Years later, Riggan is fighting for relevance. One major stumbling block (and there are many) is his confusion over what relevance might mean. Most conventionally, Riggan imagines it would mean being recognized as a serious, legitimate actor. To that end, he’s written, directed, and financed a Broadway adaptation of Raymond Carver’s What We Talk About When We Talk About Love, in which he’s also starring. No surprise, his notion seems old-fashioned to his daughter and personal assistant Sam (Emma Stone), who’s convinced that social media convey relevance.
Yet another opinion is offered by Riggan’s old superhero character, manifesting as a voice in his head and occasionally in physical form (unseen by anyone else).

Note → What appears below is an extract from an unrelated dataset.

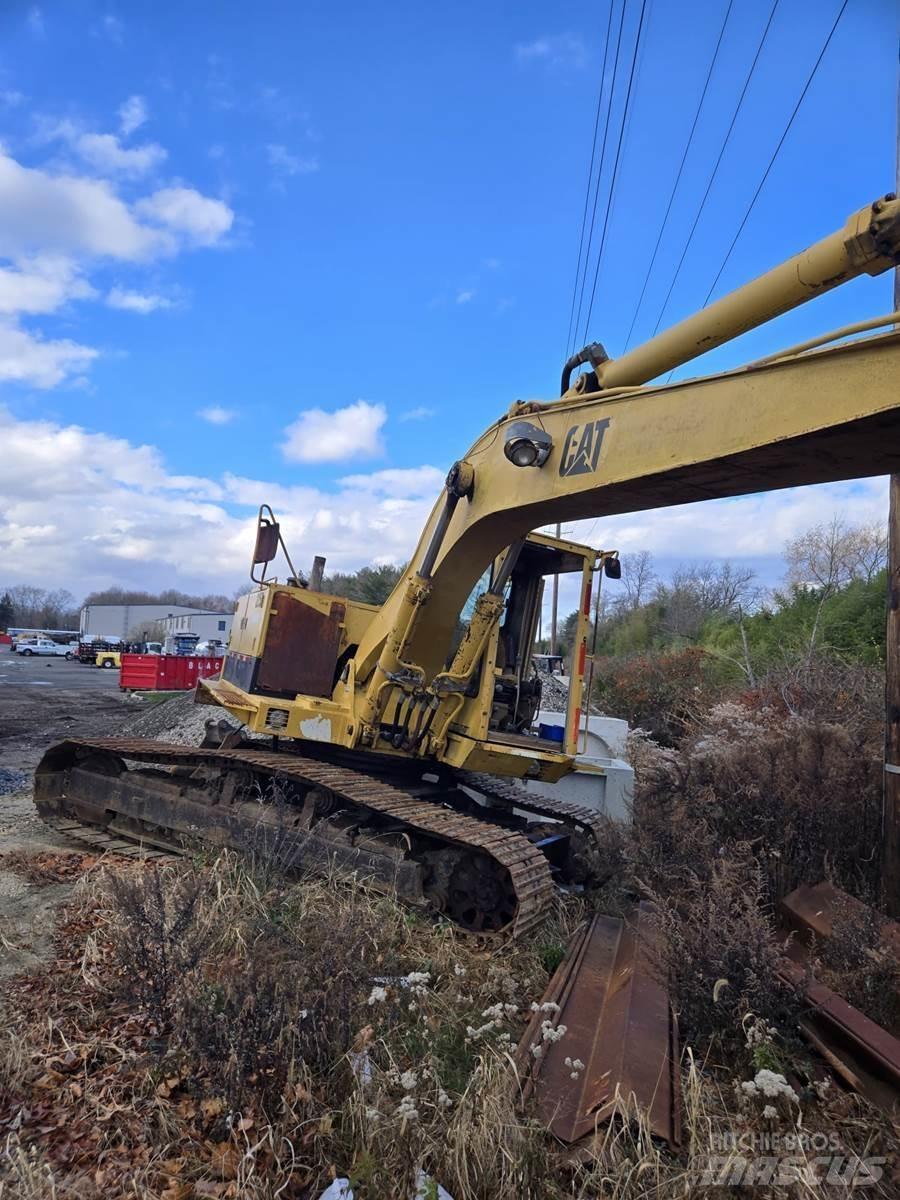 CAT 225D Vikšriniai ekskavatoriai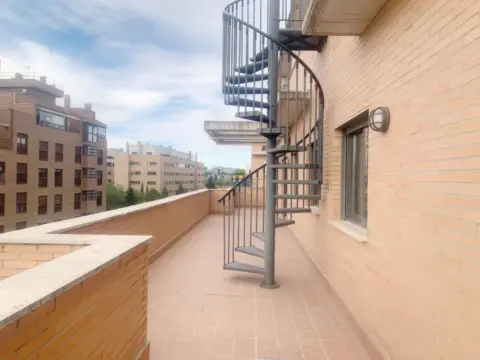 Piso en calle de José Donoso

In a deep Christian Bale-lie Batman growl, Birdman berates Riggan for straining to prove himself by trotting the boards. Even as Riggan argues with himself, those around him tend not to notice because, well, everyone knows actors are crazy. For us though, Riggan’s internal debates with his selves are visible, beginning with a scene at film’s start, where he’s floating in a lotus position in his dressing room, able to move objects with a flick of his finger.
This serenity gives way almost immediately to a helter-skelter of backstage chaos. The Carver play is just about to start previews when Riggan’s costar is beaned on the head by a stage light. As luck would have it, renowned stage actor Mike (Edward Norton) is available to step in, since he’s dating one of the female leads, Lesley (Naomi Watts), and has been running lines with her.

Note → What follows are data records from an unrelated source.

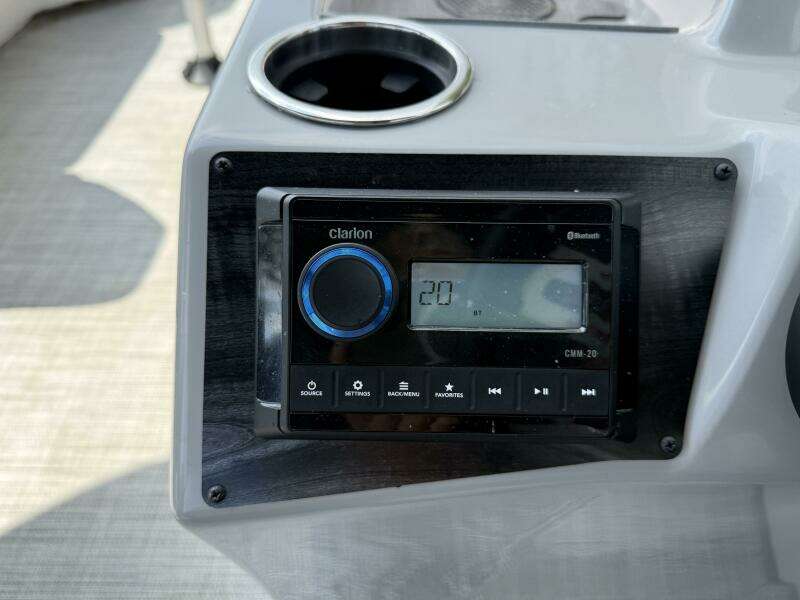 2022 Harris Sunliner 230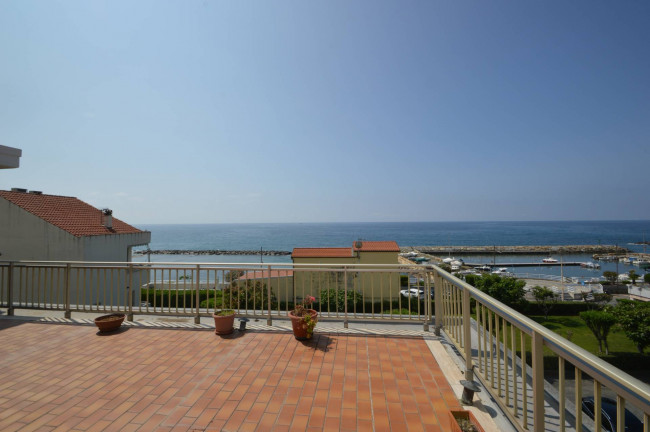 Appartamento in vendita a Santo Stefano al Mare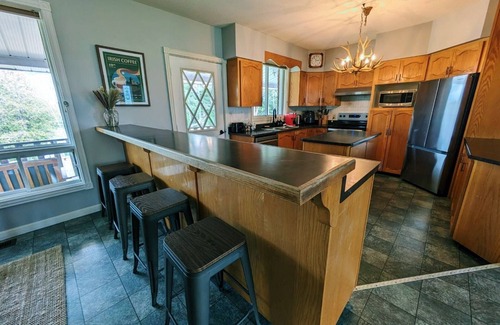 Brudenell Cottage | Spacious & Private Waterfront Cottage Near Barrys Bay & Algonquin Park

Right away, however, Riggan finds his new costar’s Stanislavski Method-isms gruelingly irritating: Mike complains the prop gun looks too fake to scare his character, he needs real gin in his glass on stage as well as a tanning bed to get into character. The results of Mike’s shenanigans are unpredictable and often electrifying: Norton seems energized here, as wiry and ready to go as the film’s terrifically off-kilter, percussive score, all free-jazz rolls and break-beat syncopations with the occasional instrumental soar.
At first, it seems like Alejandro González Iñárritu and fellow screenwriters Alexander Dinelaris, Nicolás Giacobone, and Armando Bohave have cooked up a battle of wills between Mike and Riggan, inspiring tremendous performances, as in the director’s Babel and 21 Grams. As such, Birdman works fantastically for a time, the focus on the actors apparently underscored by the film’s apparent-single-take trick. The two men curse and shred each other in skirmish after skirmish, the camera jutting in on their furious faces as they debate the nature of truth in acting and life (with each position as hypocritical and self-serving as you might expect). During these moments and others, Emmanuel Lubezki’s mostly handheld cinematography remains at once energetic and gorgeous, a rare combination that gives this guerrilla operation a lacquering of observable respectability.

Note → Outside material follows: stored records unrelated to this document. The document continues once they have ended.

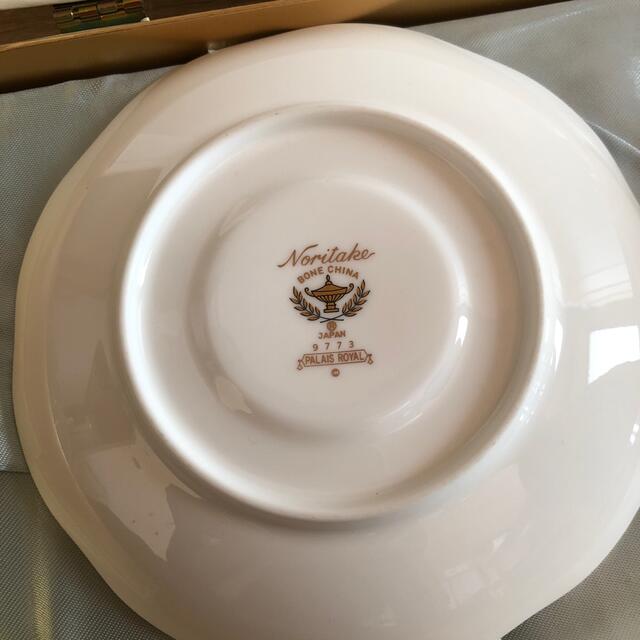Noritake - ノリタケ コーヒーカップ アラジンランプ 未使用品の Noritake - ノリタケ コーヒーカップ アラジンランプ 未使用品の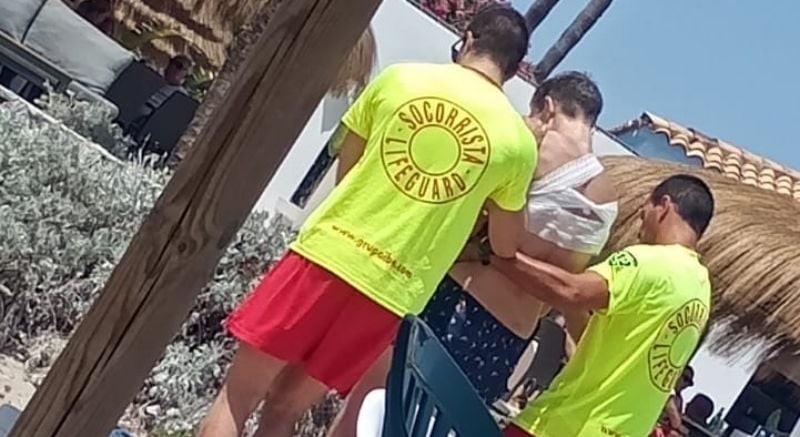 Rescatan a un bañista tras sufrir una luxación de hombro en la playa de Cala Murada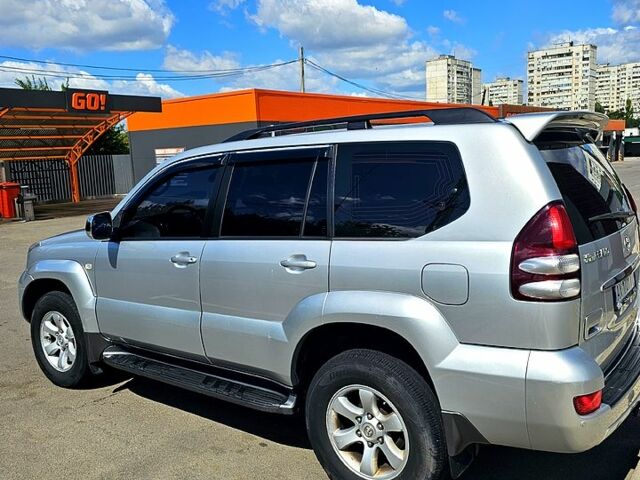 Сірий Тойота Ленд Крузер Прадо, об'ємом двигуна 4 л та пробігом 278 тис. км за 16500 $, фото 2 на Automoto.ua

Birdman‘s audacious dynamic changes, though, when the plot pushes Mike to the side to focus on Riggan’s other conflicts. Several set pieces stand out, particularly a face-to-face blowout between Riggan and the all-important New York Times theater critic (a fiercely acerbic Lindsay Duncan), incensed that a Broadway stage that might have employed trained stage performers is instead hosting a make-believe actor, a celebrity. As Riggan’s fantasy interludes pick up speed and force, the film’s point of view both sharpens and darkens. The satirical drubbing of Mike’s Method pretensions and real-life fakery is near-continuous, but Birdman‘s most lethal venom is directed at the “apocalyptic porn” ladled out by Hollywood rather than the actors who are just trying to find their way and leaving their blood on the stage.
This focus doesn’t mean the film ignores its own stunt casting, recognizing but hardly showcasing Keaton’s past as a two-time cinematic Batman. As Riggan’s meltdowns and comic humiliations (one most obvious instance being his run through a crowded Times Square in only his underwear) become increasingly intense, we’re reminded less of the Caped Crusader than Keaton’s rattled everyman roles in family comedies by Ron Howard and John Hughes, a guy just trying to keep his head above water. But for all Riggan’s seeming ordinariness, he yet compels our attention, much as he does the Broadway audience watching his sweaty, sometimes brilliant stabs at what he believes to be truth. We find it difficult to turn away, even if we’re not entirely clear what’s relevant, or what that might mean.